Ein hohes Potenzial, die Überwachung zu verbessern, haben auch neue Technologien. Zum Beispiel eignen sich faseroptische Kabel von Telekommunikationsfirmen für seismologische Messungen. Für die Forschung interessant sind nicht benutzte Kabel, die als «dark fibers» bezeichnet werden, als «dunkle Kabel» also.

Laura Pinzón-Rincón, ebenfalls vom GFZ in Potsdam, berichtete an der Tagung in Wien von ersten Testergebnissen mit solchen «dark fibers». An Land sind 17 Kilometer Kabel für die Forscher verfügbar, im Meer 34 Kilometer. Aus der Laufzeit von reflektierten Lichtsignalen im Kabel lässt sich die Intensität von Bodenbewegungen berechnen. Solche Messungen können verraten, in welchen Stadtvierteln der Boden ein Erdbeben verstärken würde. Dort entstünden besonders grosse Schäden.

Die Kabelmessungen haben eine hohe räumliche Auflösung: An Land gibt es pro Meter einen Messpunkt, unterseeisch alle acht Meter. Schön wäre es, könnte man noch mehr solcher Kabel für die Überwachung nutzen, sagte Pinzón-Rincón.

Die Nachbeben nach dem Erdstoss vom 23. April sind inzwischen weitgehend abgeklungen. Aber es ist nur eine Frage der Zeit, bis sich nahe Istanbul das nächste Erdbeben ereignet, möglicherweise ein ganz grosses.

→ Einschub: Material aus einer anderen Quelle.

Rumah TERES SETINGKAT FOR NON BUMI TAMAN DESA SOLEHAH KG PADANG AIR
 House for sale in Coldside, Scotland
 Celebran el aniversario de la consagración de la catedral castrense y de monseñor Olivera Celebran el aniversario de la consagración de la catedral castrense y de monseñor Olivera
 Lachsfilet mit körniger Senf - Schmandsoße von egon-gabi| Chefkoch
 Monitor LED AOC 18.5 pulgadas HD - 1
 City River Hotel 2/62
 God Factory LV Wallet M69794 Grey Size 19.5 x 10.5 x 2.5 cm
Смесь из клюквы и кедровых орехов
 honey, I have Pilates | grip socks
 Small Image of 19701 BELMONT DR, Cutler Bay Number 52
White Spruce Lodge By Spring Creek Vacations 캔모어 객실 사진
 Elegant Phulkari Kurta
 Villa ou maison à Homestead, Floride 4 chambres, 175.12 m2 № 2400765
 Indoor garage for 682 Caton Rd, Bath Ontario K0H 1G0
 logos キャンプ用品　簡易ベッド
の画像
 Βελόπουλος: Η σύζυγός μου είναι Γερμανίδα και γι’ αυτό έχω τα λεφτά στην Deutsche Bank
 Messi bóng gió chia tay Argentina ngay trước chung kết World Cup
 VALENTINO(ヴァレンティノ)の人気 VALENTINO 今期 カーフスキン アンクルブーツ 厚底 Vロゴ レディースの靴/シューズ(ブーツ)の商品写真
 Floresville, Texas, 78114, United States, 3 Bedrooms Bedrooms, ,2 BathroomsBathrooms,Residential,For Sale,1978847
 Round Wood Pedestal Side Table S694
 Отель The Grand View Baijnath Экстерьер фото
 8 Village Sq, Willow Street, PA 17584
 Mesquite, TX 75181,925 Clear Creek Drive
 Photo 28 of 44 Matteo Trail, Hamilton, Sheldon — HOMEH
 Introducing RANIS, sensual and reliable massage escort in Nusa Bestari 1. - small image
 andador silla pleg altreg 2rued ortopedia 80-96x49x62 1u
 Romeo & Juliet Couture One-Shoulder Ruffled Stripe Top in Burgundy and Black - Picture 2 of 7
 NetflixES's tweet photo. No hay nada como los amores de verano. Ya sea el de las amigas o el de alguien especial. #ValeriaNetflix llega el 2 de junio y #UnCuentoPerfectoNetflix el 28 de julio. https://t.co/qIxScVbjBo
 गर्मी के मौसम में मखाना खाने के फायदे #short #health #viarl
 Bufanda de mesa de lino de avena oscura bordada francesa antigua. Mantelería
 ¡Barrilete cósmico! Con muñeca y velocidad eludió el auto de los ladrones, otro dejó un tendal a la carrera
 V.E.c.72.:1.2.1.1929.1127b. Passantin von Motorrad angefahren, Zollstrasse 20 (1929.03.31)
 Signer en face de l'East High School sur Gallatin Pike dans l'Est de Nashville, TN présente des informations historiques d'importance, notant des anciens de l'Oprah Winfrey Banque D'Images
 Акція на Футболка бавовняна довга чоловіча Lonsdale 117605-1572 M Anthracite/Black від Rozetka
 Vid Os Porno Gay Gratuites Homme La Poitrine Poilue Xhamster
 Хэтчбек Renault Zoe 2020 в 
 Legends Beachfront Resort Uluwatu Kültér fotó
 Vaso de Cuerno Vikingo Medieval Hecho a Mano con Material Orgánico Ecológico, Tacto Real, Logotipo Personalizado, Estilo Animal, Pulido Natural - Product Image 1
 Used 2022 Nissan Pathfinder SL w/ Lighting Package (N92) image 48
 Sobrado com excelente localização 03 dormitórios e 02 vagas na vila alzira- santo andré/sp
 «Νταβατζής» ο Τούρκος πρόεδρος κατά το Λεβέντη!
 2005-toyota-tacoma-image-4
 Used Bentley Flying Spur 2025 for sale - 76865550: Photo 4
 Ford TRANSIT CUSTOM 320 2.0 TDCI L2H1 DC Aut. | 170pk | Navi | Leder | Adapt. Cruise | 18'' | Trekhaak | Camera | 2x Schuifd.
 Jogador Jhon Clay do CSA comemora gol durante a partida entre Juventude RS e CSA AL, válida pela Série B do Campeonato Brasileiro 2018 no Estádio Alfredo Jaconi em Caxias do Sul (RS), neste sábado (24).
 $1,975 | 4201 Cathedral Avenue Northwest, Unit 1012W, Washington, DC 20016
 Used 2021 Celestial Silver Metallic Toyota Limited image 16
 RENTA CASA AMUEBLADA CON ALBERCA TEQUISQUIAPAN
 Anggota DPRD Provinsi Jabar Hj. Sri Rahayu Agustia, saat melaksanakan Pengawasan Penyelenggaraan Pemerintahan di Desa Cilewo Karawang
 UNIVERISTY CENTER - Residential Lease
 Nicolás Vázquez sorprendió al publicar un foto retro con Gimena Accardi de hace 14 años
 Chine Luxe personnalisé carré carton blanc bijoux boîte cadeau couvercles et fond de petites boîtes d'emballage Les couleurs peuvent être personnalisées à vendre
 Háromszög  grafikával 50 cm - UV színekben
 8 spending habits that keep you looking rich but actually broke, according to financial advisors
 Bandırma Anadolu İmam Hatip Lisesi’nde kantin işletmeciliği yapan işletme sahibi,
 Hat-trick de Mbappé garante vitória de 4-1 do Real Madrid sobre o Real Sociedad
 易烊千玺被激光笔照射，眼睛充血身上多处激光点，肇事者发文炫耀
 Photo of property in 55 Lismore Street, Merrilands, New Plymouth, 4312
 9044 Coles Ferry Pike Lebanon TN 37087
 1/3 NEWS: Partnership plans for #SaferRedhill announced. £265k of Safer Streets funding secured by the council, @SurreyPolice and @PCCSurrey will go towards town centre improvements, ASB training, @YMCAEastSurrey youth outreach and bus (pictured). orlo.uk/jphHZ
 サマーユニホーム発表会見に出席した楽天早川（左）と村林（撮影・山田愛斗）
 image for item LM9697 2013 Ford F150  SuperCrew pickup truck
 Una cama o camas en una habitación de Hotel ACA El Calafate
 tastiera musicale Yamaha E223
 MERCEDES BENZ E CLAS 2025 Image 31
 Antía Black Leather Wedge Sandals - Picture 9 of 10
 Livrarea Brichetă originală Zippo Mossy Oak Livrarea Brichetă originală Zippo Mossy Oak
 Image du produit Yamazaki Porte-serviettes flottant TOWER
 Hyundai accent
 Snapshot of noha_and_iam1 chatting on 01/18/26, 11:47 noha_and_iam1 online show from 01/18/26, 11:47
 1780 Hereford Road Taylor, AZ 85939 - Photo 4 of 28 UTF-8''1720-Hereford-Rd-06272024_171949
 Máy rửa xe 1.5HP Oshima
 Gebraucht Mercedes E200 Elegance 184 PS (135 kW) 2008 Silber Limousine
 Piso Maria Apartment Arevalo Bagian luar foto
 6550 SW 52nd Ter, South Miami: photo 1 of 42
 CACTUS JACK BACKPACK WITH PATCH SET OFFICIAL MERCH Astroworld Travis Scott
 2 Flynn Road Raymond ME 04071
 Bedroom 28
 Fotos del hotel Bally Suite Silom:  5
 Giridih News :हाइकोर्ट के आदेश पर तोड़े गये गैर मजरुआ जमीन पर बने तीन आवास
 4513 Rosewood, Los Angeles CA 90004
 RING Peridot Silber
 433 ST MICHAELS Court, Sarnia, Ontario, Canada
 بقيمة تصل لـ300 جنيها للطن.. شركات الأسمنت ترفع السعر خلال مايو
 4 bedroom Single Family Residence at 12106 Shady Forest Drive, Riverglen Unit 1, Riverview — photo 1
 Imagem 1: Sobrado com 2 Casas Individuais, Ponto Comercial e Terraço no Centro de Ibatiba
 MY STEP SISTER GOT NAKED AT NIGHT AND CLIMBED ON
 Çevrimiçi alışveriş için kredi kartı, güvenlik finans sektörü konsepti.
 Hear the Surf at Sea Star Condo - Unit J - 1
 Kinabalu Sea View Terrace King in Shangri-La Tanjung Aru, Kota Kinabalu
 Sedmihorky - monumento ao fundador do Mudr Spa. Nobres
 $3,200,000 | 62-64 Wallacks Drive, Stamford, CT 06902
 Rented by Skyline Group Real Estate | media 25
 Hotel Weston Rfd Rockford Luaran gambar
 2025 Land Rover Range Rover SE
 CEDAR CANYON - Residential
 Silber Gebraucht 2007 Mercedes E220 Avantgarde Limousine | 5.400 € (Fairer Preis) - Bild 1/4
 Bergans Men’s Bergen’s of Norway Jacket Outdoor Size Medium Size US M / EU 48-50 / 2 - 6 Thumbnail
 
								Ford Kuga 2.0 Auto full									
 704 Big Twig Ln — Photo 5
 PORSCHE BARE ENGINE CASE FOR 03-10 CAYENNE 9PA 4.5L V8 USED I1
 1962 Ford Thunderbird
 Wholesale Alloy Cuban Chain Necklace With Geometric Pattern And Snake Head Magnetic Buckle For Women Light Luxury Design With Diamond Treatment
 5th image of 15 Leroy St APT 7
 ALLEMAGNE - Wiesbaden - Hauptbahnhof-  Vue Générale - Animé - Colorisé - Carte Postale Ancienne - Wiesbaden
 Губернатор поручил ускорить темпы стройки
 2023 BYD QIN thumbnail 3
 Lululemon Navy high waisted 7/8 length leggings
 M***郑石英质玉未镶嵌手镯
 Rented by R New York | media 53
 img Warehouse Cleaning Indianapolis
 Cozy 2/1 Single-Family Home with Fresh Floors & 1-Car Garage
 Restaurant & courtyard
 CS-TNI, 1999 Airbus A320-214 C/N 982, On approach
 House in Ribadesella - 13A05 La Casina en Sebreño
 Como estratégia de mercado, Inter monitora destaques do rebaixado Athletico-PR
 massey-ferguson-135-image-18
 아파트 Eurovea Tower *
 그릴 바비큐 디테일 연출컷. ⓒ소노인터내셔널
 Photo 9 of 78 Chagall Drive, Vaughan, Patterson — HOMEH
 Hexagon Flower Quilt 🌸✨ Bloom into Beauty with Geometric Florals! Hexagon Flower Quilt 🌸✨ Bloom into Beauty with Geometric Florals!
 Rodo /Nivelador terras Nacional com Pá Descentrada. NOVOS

Jetzt heisst es warten, messen – und sich vorbereiten. Seit Jahren laufen darum Projekte, Stadtviertel besser gegen Erdstösse zu schützen, indem Gebäude entweder abgerissen oder verstärkt werden. Doch dieser Prozess ist noch lange nicht abgeschlossen. Es handelt sich um einen Wettlauf mit der Zeit.